For Jacob Kohler, playing high school sports has been a life changing experience.
“Nothing else makes me more happy than playing football,” Kohler told 7 Eyewitness News.
The teen who lives with autism persevered after a rocky start to high school. He struggled with making friends and anxiety.
Jacob gave cross-country a try his sophomore year then made the switch to football junior year. Both Jacob and his mom Lisa agree, joining the Orchard Park football team seemed to offer the teen the confidence boost he needed.
“It just was everything to him it just took off,” Lisa Kohler said. “It made him stronger and healthier and a better person all around.”
In his fourth year of high school, Jacob continued to play. Because of difficulties he experienced early on, he’ll be spending a fifth year in high school, but this year he may be watching his team from the stands.
The reason – he’s been ruled ineligible by Section VI athletics.
“It’s not whether you played that particular sport or not, it is from the date of entry into 9th grade. You have four years of participation,” Timm Slade told 7 Eyewitness News.
Slade is the executive director of the governing body of athletics in Western New York. Slade says each year a handful of families request an extension to their student’s eligibility.

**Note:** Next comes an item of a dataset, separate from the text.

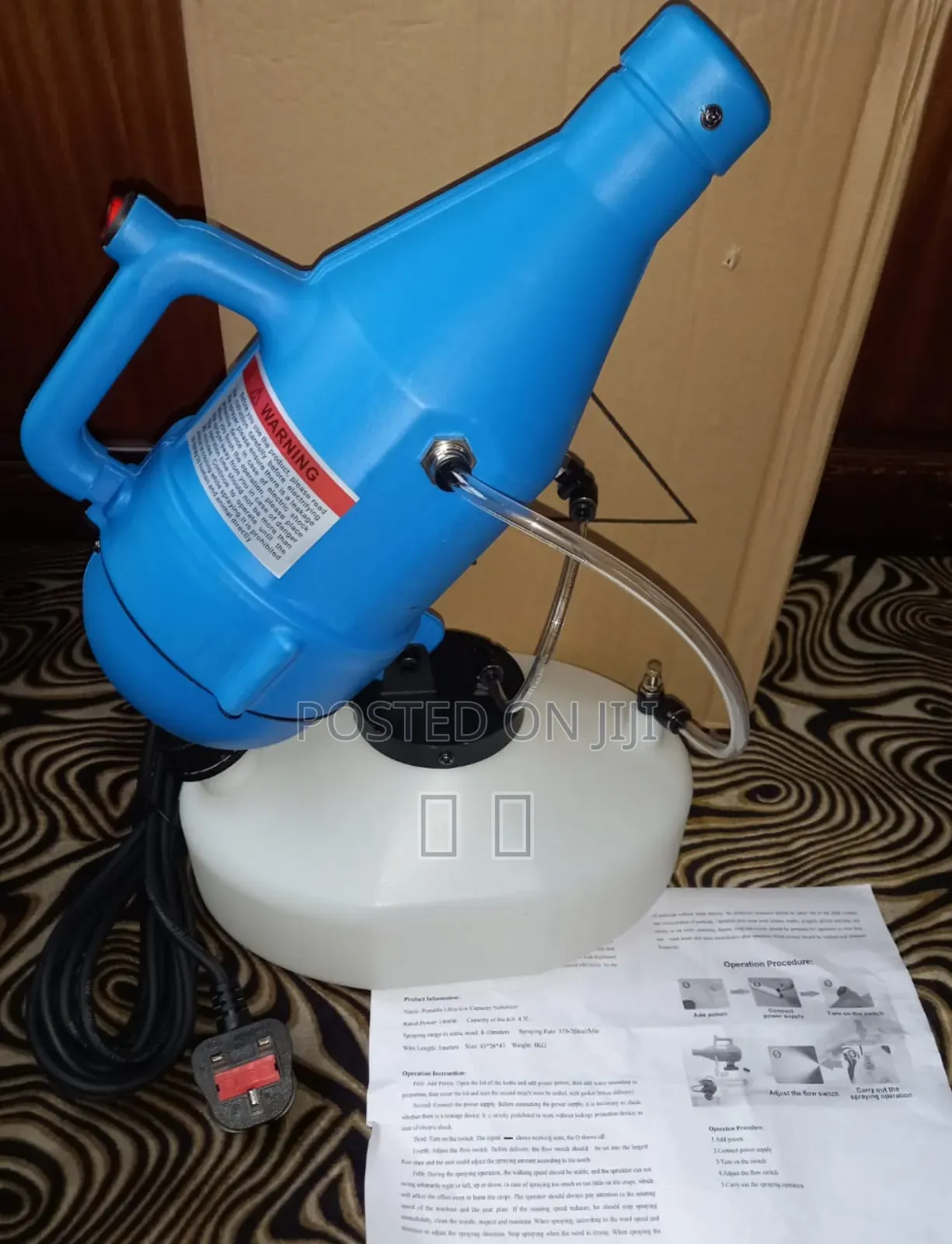 Ulv Fumigation Machine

Lisa says because of her son’s autism he wasn’t ready physically or mentally to play sports his freshman year.
Section VI has denied the teen from playing his 5th year, but his parents have appealed to the State Education Commissioner.
The Kohlers have even garnered the support of State Senator Tim Kennedy. Both parties are hoping the waiver is expedited so Jacob can hit the field with his teammates for their first game.